S’exprimant lors de la 58e session de la Conférence des ministres africains des Finances, de la Planification et du Développement économique, tenue à Tanger au Maroc, il a insisté sur la nécessité d’intégrer innovation, finance et transformation structurelle dans une même stratégie.
Un enjeu de transformation économique
Selon Claver Gatete, malgré les progrès observés sur le continent, une part importante de la valeur créée par le numérique continue d’être captée hors d’Afrique. Revenus issus des données, propriété intellectuelle et bénéfices des plateformes numériques échappent encore largement aux économies africaines.
Sans une action volontariste, le continent risque une marginalisation numérique, un creusement des écarts de productivité et une dépendance accrue vis-à-vis des acteurs extérieurs.

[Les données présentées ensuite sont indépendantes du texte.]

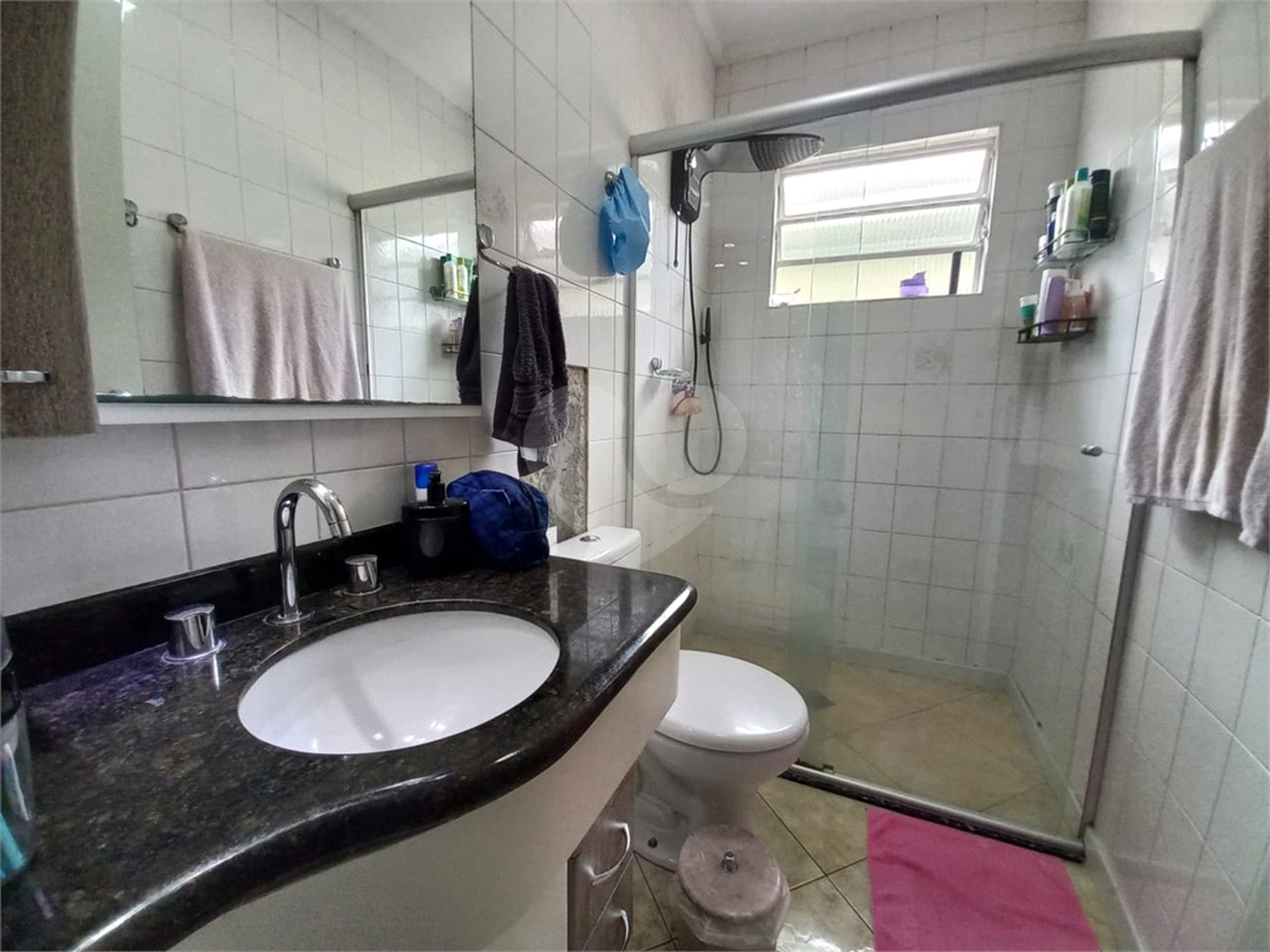 Sobrado à venda com 3 quartos, sendo 1 suíte, em Vila Lúcia, São Paulo, SP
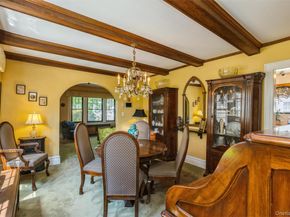 4 May Court, West Hempstead NY 11552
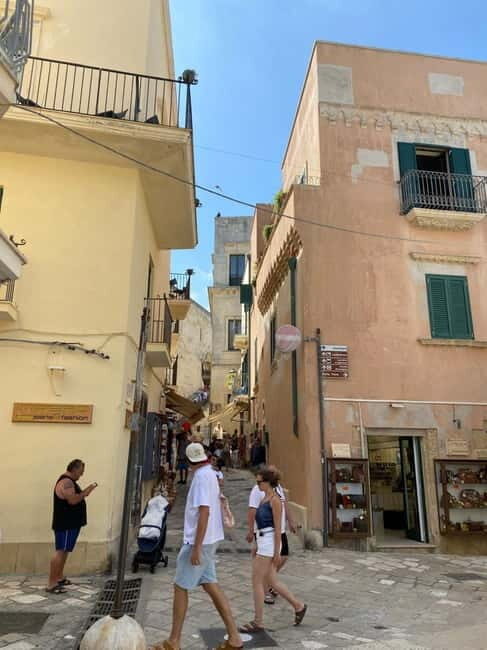 From Gallipoli or surroundings: Lecce and Otranto Tour - A Closer Look at the Lecce and Otranto Tour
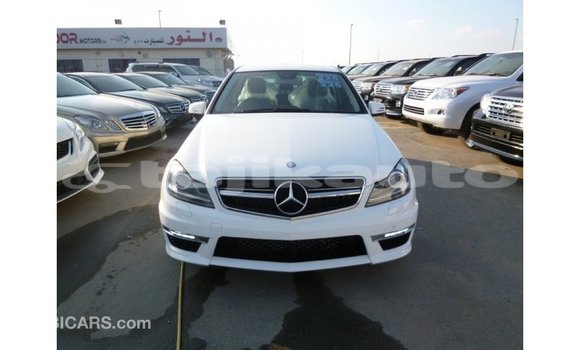 Buy Import Mercedes-Benz 200 White Car in Import - Dubai in Dushanbe Buy Import Mercedes-Benz 200 White Car in Import - Dubai in Dushanbe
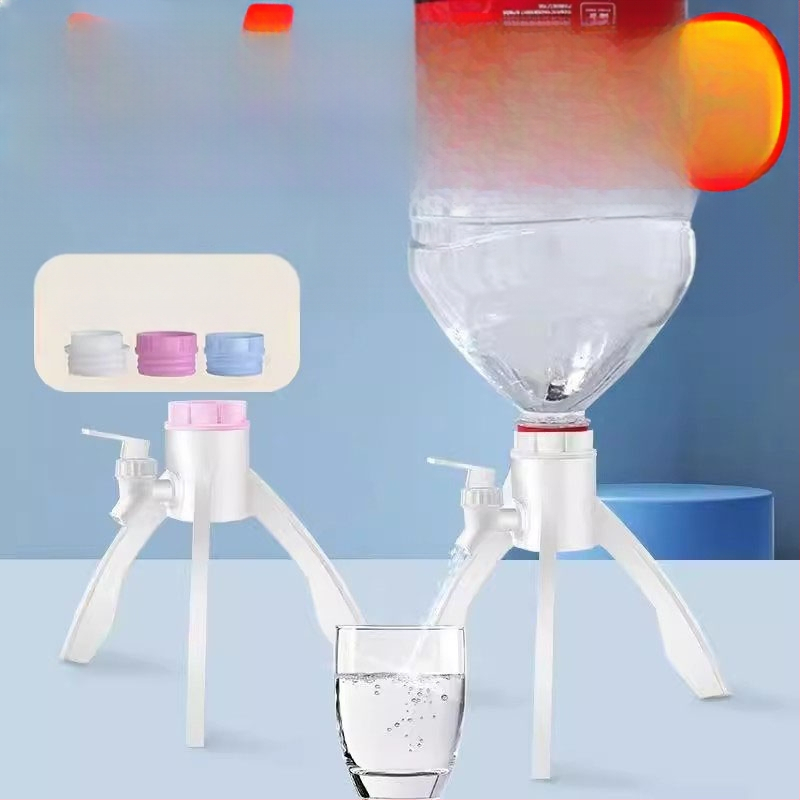 DIY műanyag akváriumi vízforgalmazó eszköz fordított háromlábú ásványvíz-palackkal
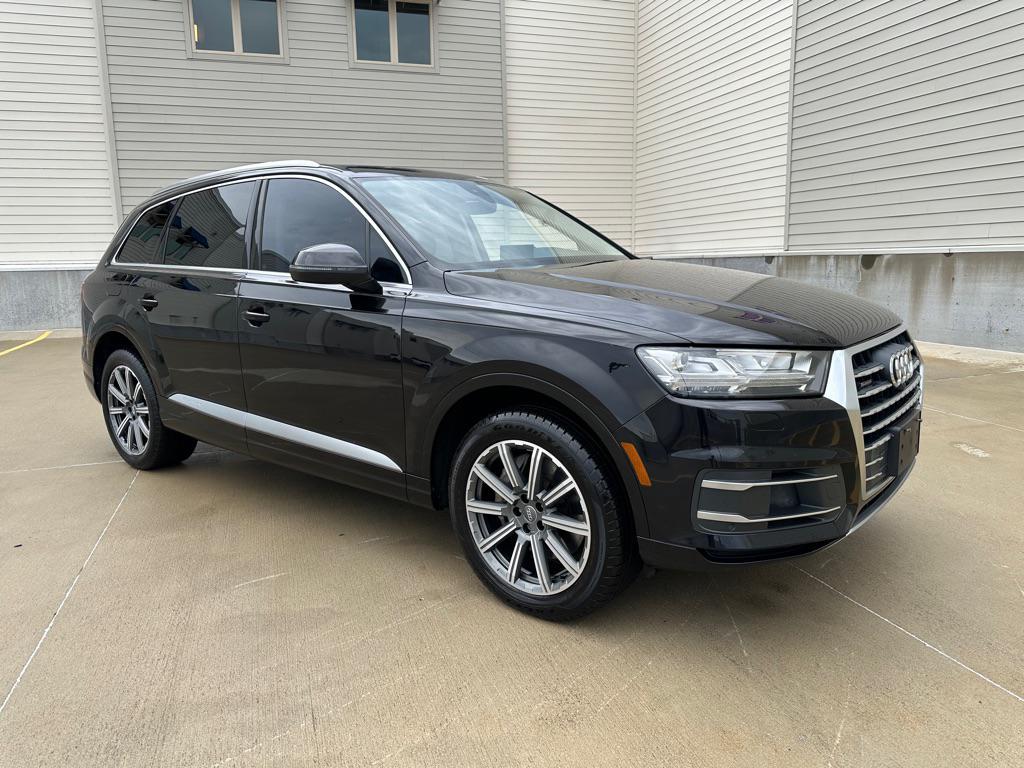 used 2018 Audi Q7 car, priced at $14,950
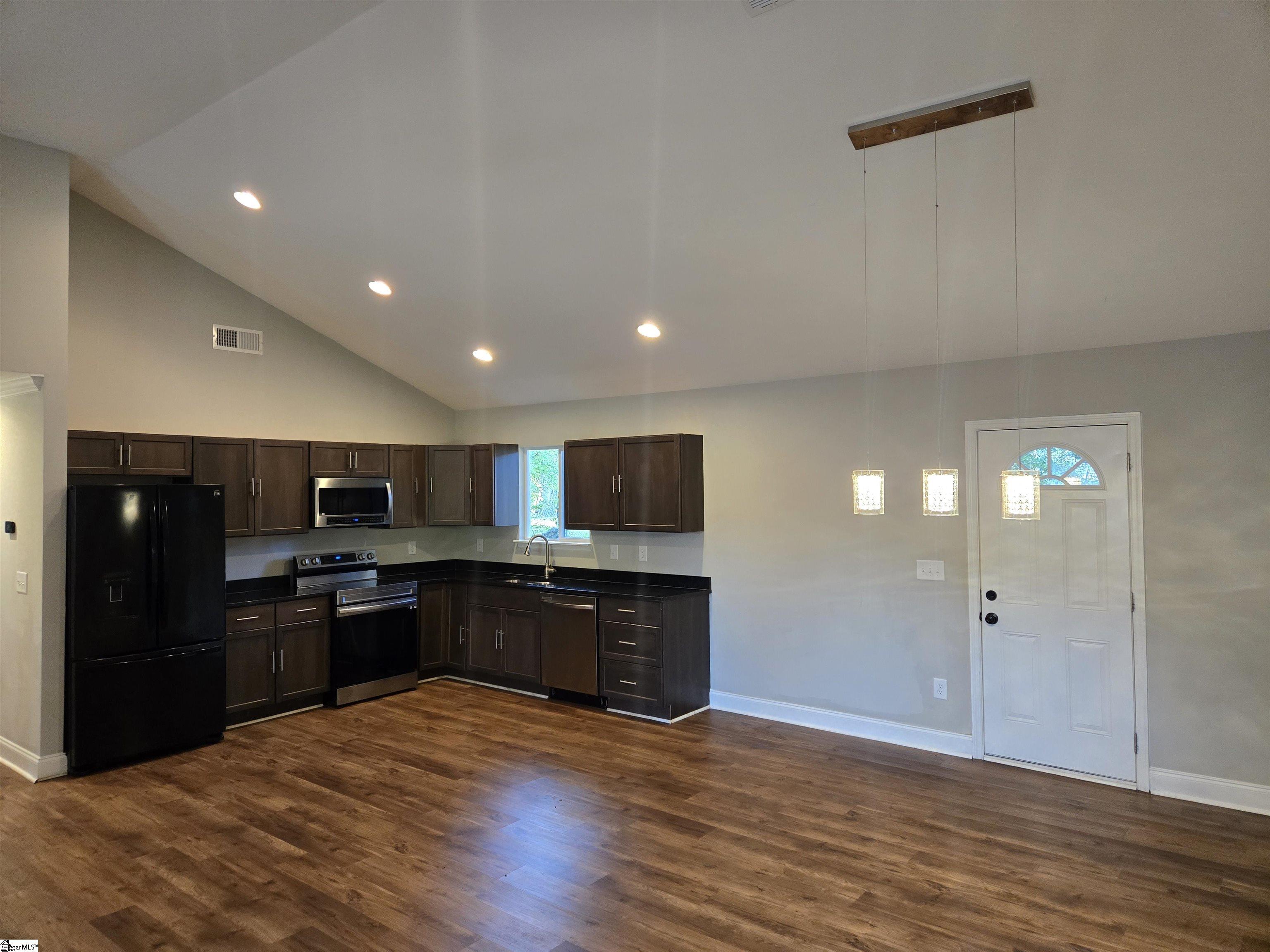 7 W 2nd Street Williamston, SC 29697
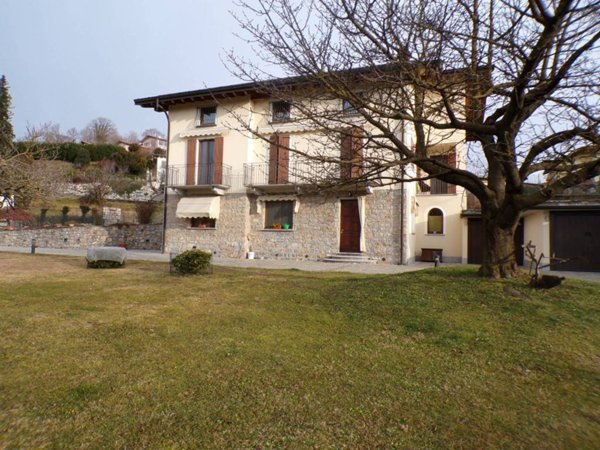 casa indipendente in vendita a Leggiuno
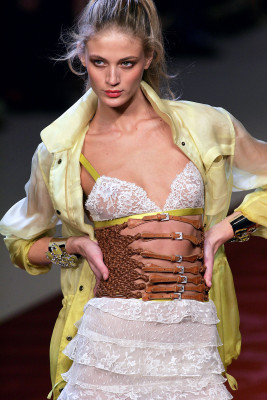 Michelle Buswell pic #21966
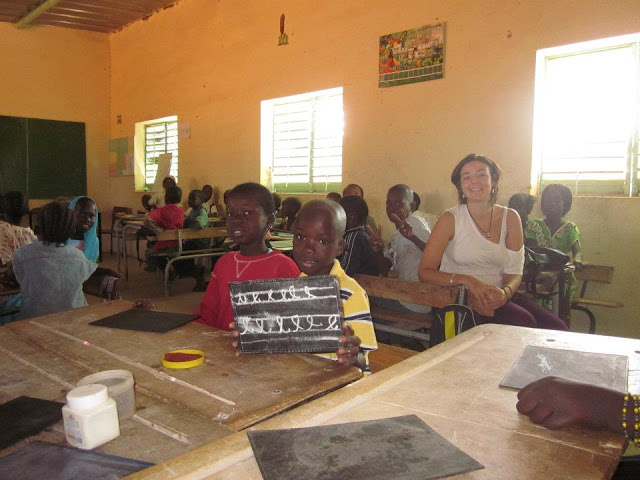 Alumnos senegaleses de la escuela de primaria Artillerie Nord de Louga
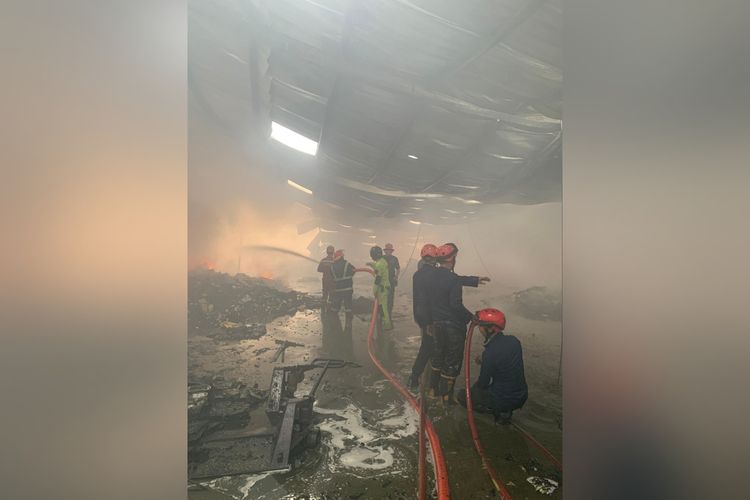 Petugas dari Dinas Penyelamatan dan Pemadam Kebakaran (Damkar) Makassar yang berjibaku memadamkan api yang hanguskan salah satu gudang grosir di Jalan Ir Sutami, Kecamatan Tamalanrea, Kota Makassar, Sulsel, Senin (18/3/2024).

Des avancées déjà visibles sur le continent
Le responsable onusien souligne toutefois plusieurs dynamiques positives :
- les innovations fintech au Kenya, au Rwanda et au Ghana
- les technologies agricoles intelligentes au Botswana
- les investissements dans les énergies renouvelables et l’hydrogène vert au Maroc, en Namibie et en Afrique du Sud
Ces initiatives constituent des bases solides, mais doivent être amplifiées et mieux intégrées dans les économies nationales.
Quatre priorités pour accélérer la diffusion technologique
Pour réussir sa transformation, Claver Gatete identifie quatre axes stratégiques :
- Investir dans les infrastructures essentielles
Le développement d’une économie moderne passe par l’accès à une énergie fiable, à une connectivité numérique robuste et à des systèmes de données performants. À ce titre, le AUDA-NEPAD est appelé à jouer un rôle clé dans l’accélération des projets structurants. - Miser sur le capital humain
Les systèmes éducatifs doivent évoluer pour répondre aux exigences d’une économie numérique. L’objectif est de faire de la jeunesse africaine un moteur de l’innovation. - Renforcer l’intégration régionale
La mise en œuvre effective de la Zone de libre-échange continentale africaine (ZLECAf) est essentielle pour élargir les marchés et favoriser la diffusion des innovations. Le Système panafricain de paiement et de règlement constitue également un levier clé pour faciliter les échanges en monnaies locales. - Mobiliser des financements à grande échelle
La transformation économique nécessite des ressources financières importantes. Il est donc crucial de structurer des mécanismes de financement adaptés aux besoins du continent.
Un enjeu de souveraineté économique
Au-delà de la technologie, la question centrale reste celle de la capacité des pays africains à capter la valeur créée. Cela implique la mise en place de cadres réglementaires efficaces, de politiques de gouvernance des données et de mécanismes de fiscalité numérique adaptés.
Une transformation à accélérer
Pour la CEA, l’Afrique dispose du potentiel nécessaire pour réussir sa transformation économique. La véritable question réside désormais dans la rapidité et la détermination des actions engagées par les décideurs.
Dans un contexte de compétition technologique mondiale, la diffusion de l’innovation dans les secteurs productifs apparaît ainsi comme un levier décisif pour une croissance durable et inclusive du continent.